* WORK INSTRUCTION: Scan the records below for the line with "Takeuchi TB108 حفارات" and the line with "Yamaha MR50", and retype that range exactly, both ends included, pictures excepted.

* EXTRACTED MATERIAL:
########

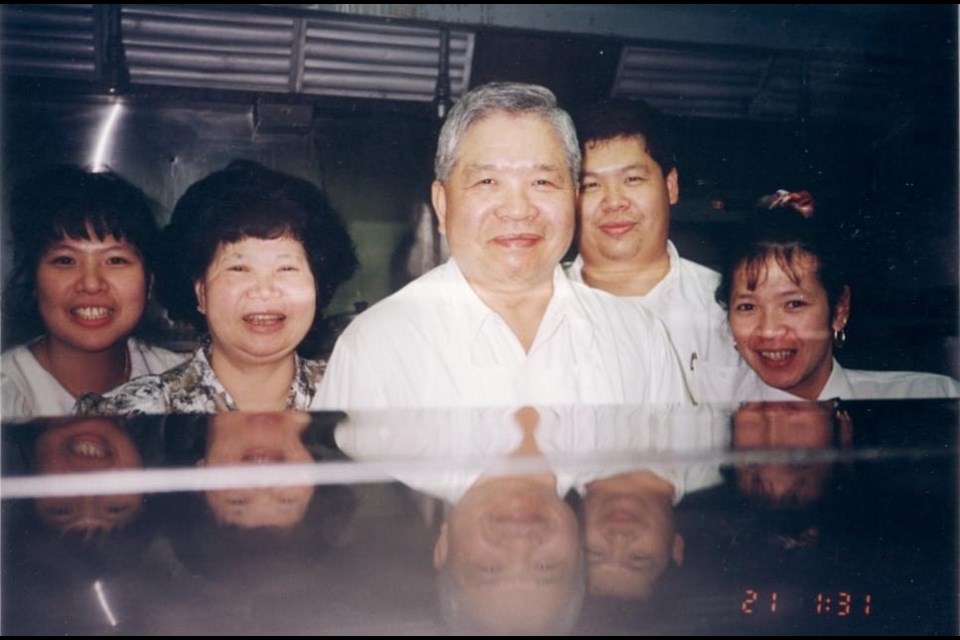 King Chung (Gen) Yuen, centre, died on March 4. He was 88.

########

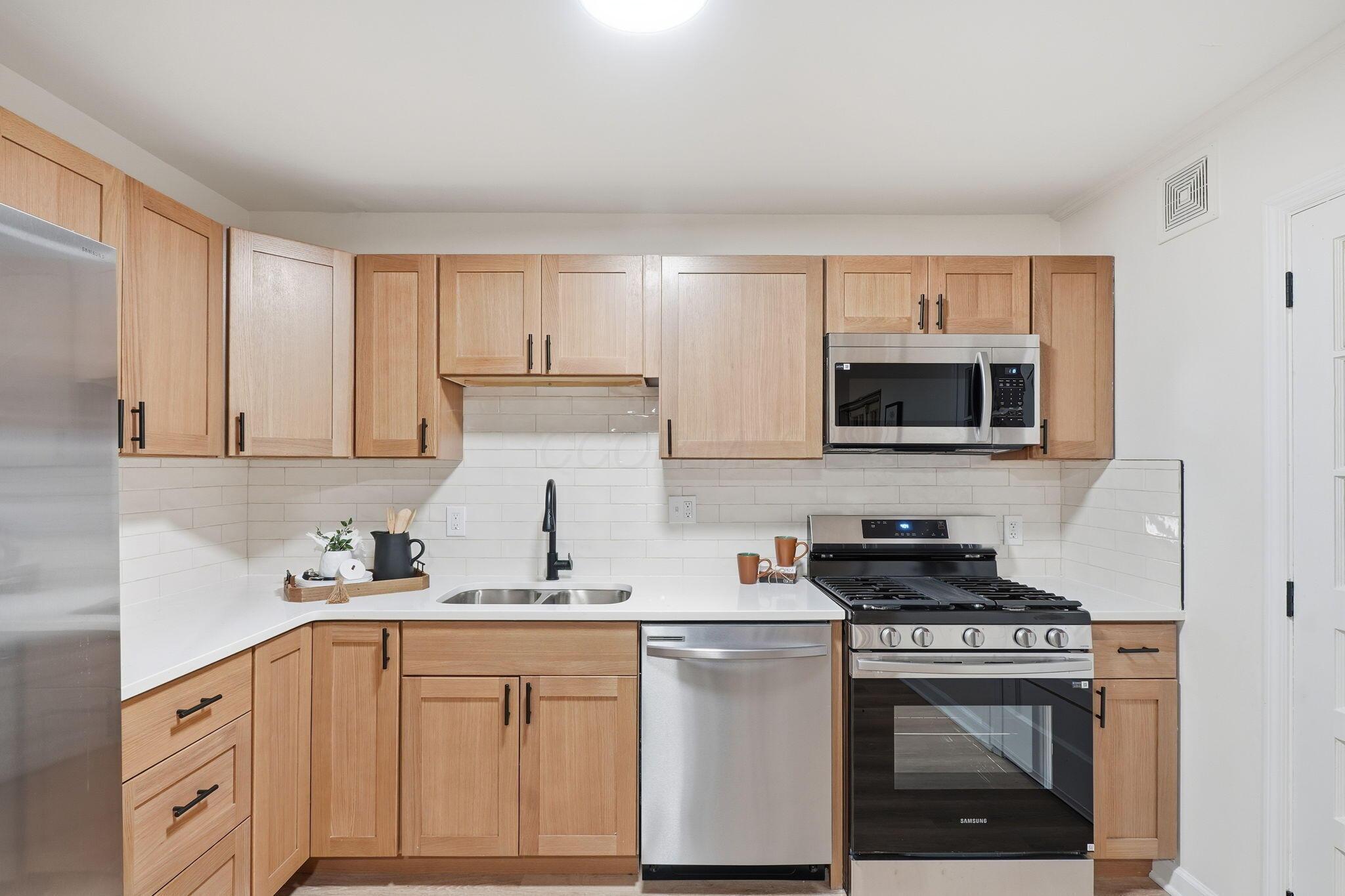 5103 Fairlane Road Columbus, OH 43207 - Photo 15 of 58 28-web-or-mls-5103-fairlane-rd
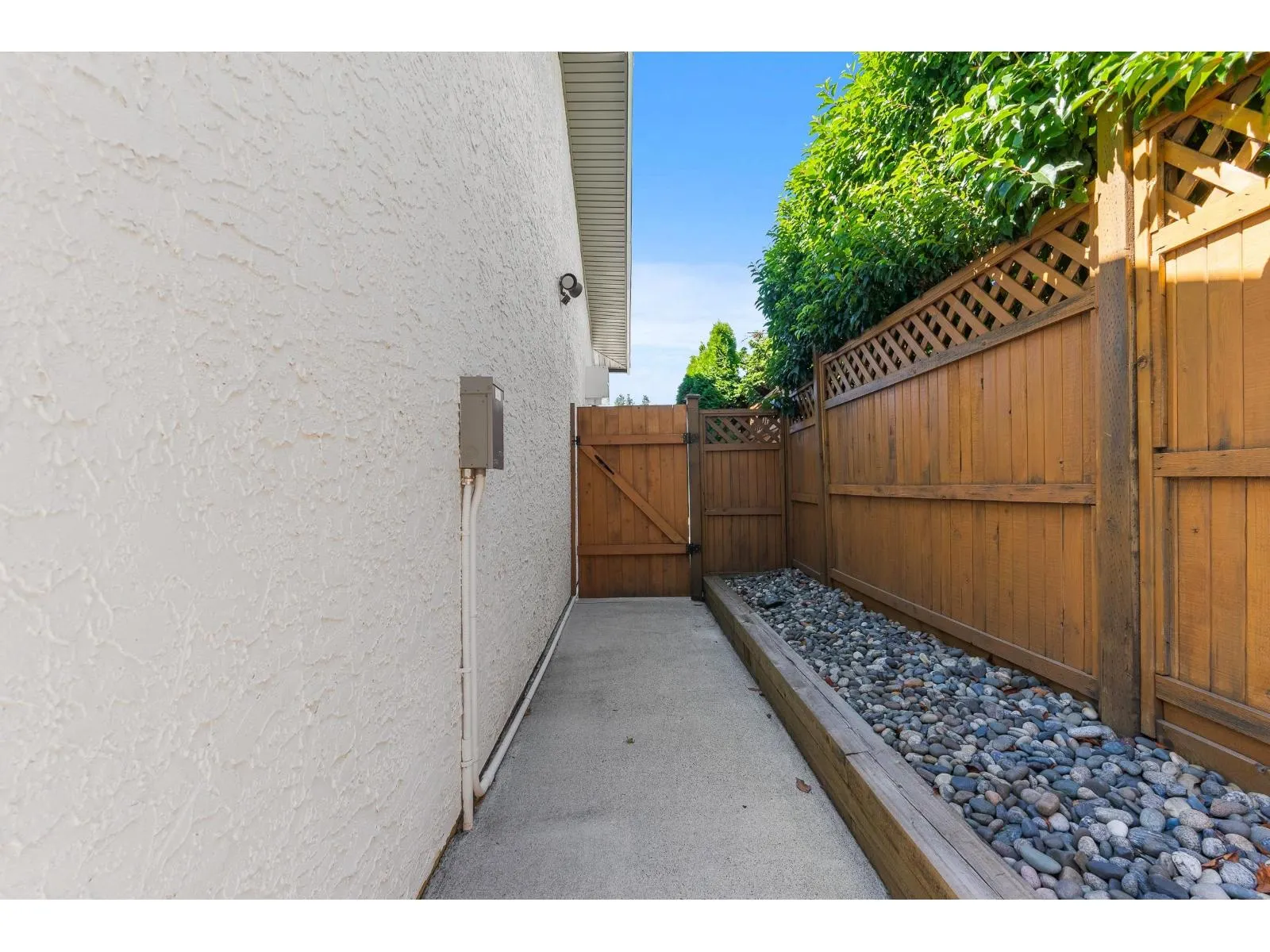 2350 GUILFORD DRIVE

########

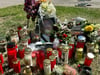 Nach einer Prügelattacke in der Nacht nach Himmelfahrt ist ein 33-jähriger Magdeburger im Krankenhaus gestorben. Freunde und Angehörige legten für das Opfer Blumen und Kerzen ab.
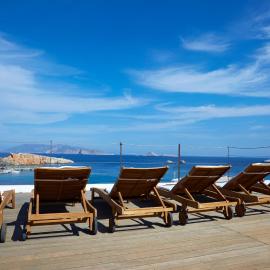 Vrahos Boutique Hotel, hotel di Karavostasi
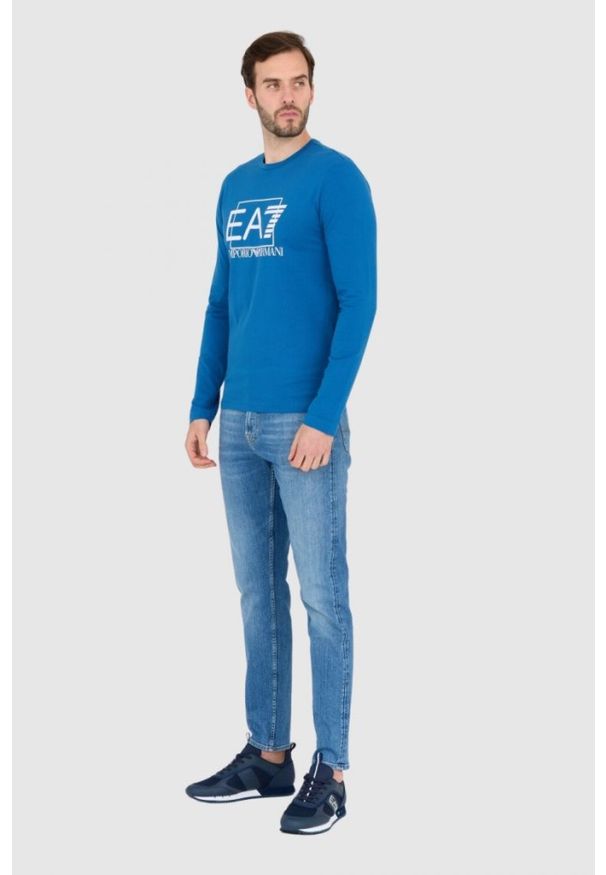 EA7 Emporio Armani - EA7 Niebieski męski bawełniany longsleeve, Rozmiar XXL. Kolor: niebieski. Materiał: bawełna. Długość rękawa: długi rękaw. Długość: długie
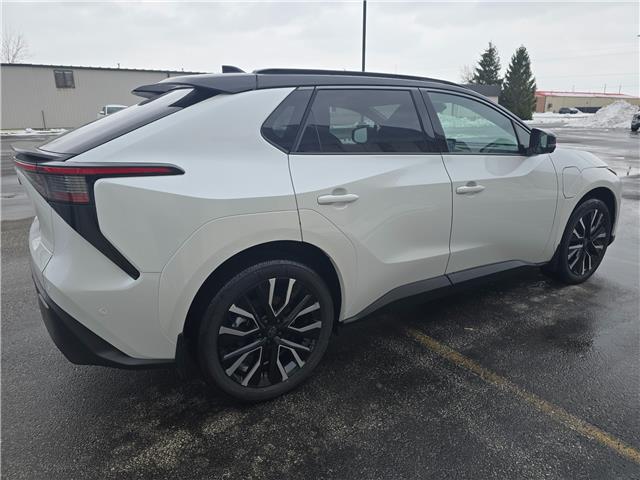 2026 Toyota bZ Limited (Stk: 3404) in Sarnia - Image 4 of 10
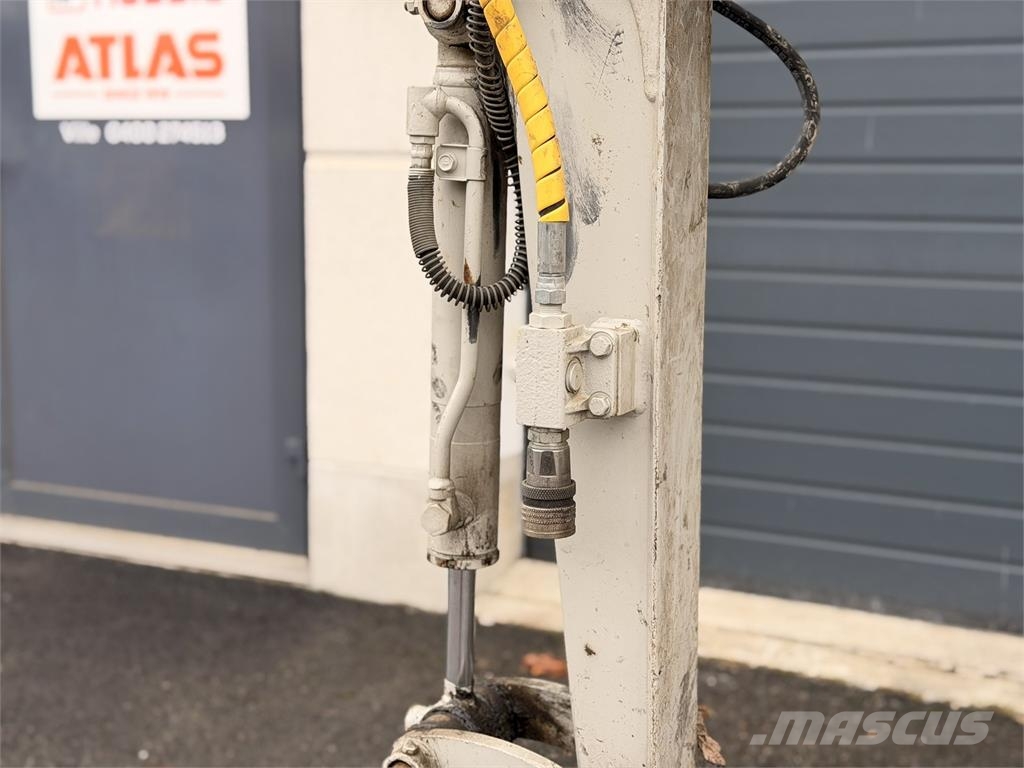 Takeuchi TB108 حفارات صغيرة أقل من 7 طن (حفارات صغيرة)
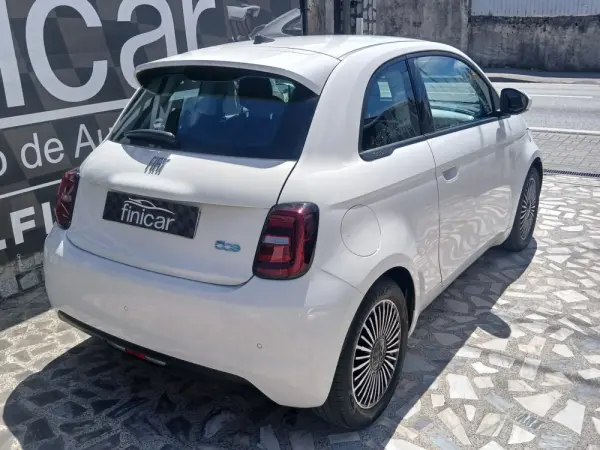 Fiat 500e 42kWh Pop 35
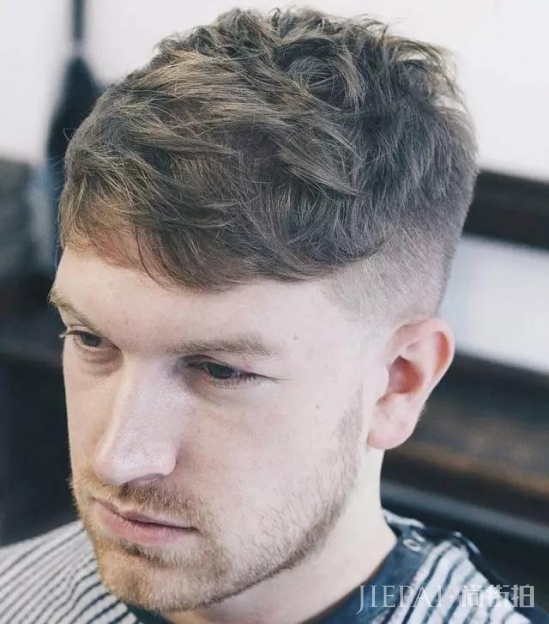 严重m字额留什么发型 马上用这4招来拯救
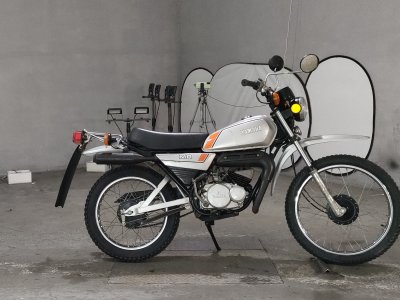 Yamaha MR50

########

* SOLUTION TO THE PROBLEM:
 Takeuchi TB108 حفارات صغيرة أقل من 7 طن (حفارات صغيرة)
 Fiat 500e 42kWh Pop 35
 严重m字额留什么发型 马上用这4招来拯救
 Yamaha MR50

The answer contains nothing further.